Der Thinktank war auch auf der Münchner Sicherheitskonferenz vertreten und setzt sich in Konflikten wie jenen in Afghanistan oder in der Ukraine für eine „feministischere Ausrichtung“ ein. Organisiert werden prominent besetzte Panels und Banketts mit Aktivistinnen, Journalistinnen und Politikerinnen – und der Außenministerin höchstpersönlich. Ein solches Event fand auch im Rahmen der letzten Münchner Sicherheitskonferenz statt. Diese war in den letzten Jahren nicht wirklich bekannt dafür, den Frieden am Hindukusch oder anderswo zu stiften. Stattdessen trafen sich vielmehr jene, die vom „längsten Krieg“ profitieren. Neben der korrupten, afghanischen Kleptokratie, die Ende 2001 in Kabul installiert wurde, war es nämlich vor allem der militärisch-industrielle Komplex der USA, der am Krieg verdiente. Denn wer damals in die bekannten Rüstungsunternehmen investierte oder einen der zahlreichen Verträge mit dem Pentagon abschloss, ist heute meist zumindest Multimillionär.

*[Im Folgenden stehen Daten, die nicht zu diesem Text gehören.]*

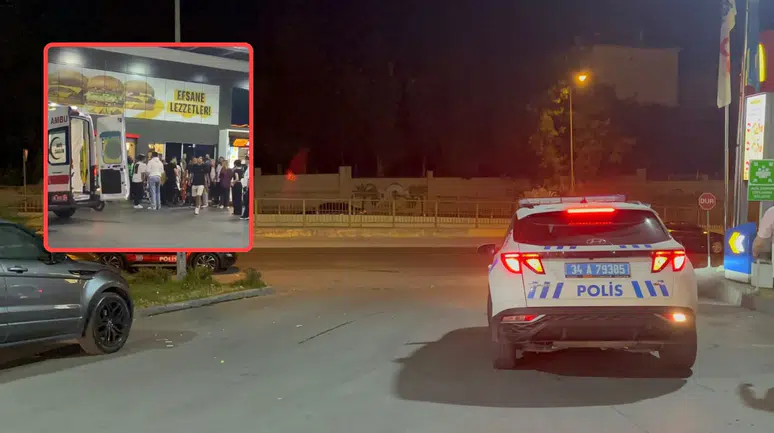 Eyüpsultan'da benzin istasyonunda silahlı saldırı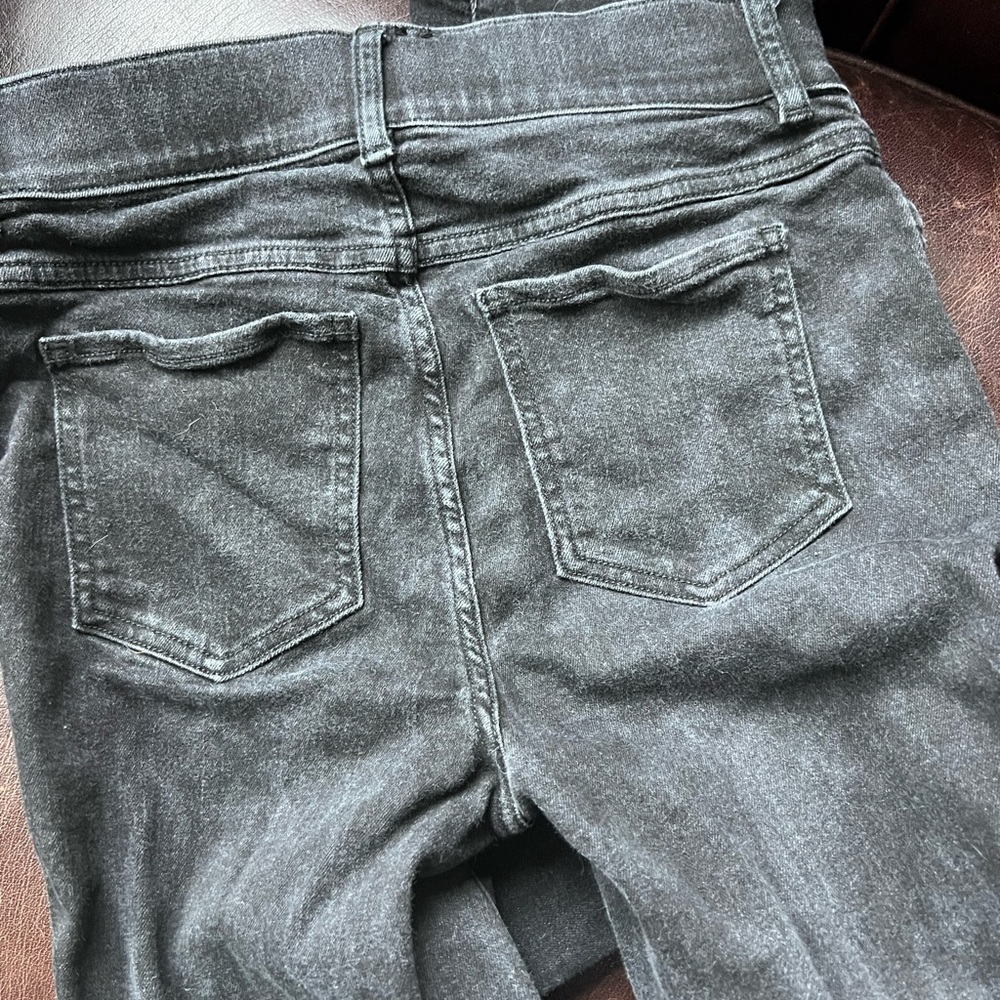 SPANX Charcoal Gray Denim Pants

Während über diese Kriegsprofiteure allerdings kaum gesprochen wird, ist der Fokus auf das Leid der Afghaninnen unter dem wiedergeborenen Taliban-Regime umso stärker. Mehrmals kritisierte Baerbock die misogyne Politik der Extremisten in Kabul und versprach, den afghanischen Frauen zur Seite zu stehen. Seit dem Abzug der NATO und der Rückkehr der Taliban befindet sich Afghanistan in einer humanitären Katastrophe und wird mit westlichen Sanktionen überhäuft. In den letzten Monaten stand die afghanische Wirtschaft mehrmals vor dem Kollaps. Kein Wunder, denn in den letzten zwei Jahrzehnten wurde das Land in eine wirtschaftliche Abhängigkeit getrieben.
Diese bestand hauptsächlich aus einer kurzsichtigen, neoliberalen Kriegswirtschaft, deren Zusammenbruch mit einem Abzug der ausländischen Truppen vorhersehbar war. Dass dies nun über dreißig Millionen Menschen, sprich, die gesamte afghanische Bevölkerung, ausbaden müssen, ist purer Zynismus. Perverser wird das Ganze, wenn man in Betracht zieht, dass die politische und militärische Rückkehr der Taliban von der US-Regierung und ihren Verbündeten mitorchestriert wurde. Im Februar 2020 unterzeichnete die Trump-Administration einen Abzugsdeal mit den Taliban im Golfemirat Katar.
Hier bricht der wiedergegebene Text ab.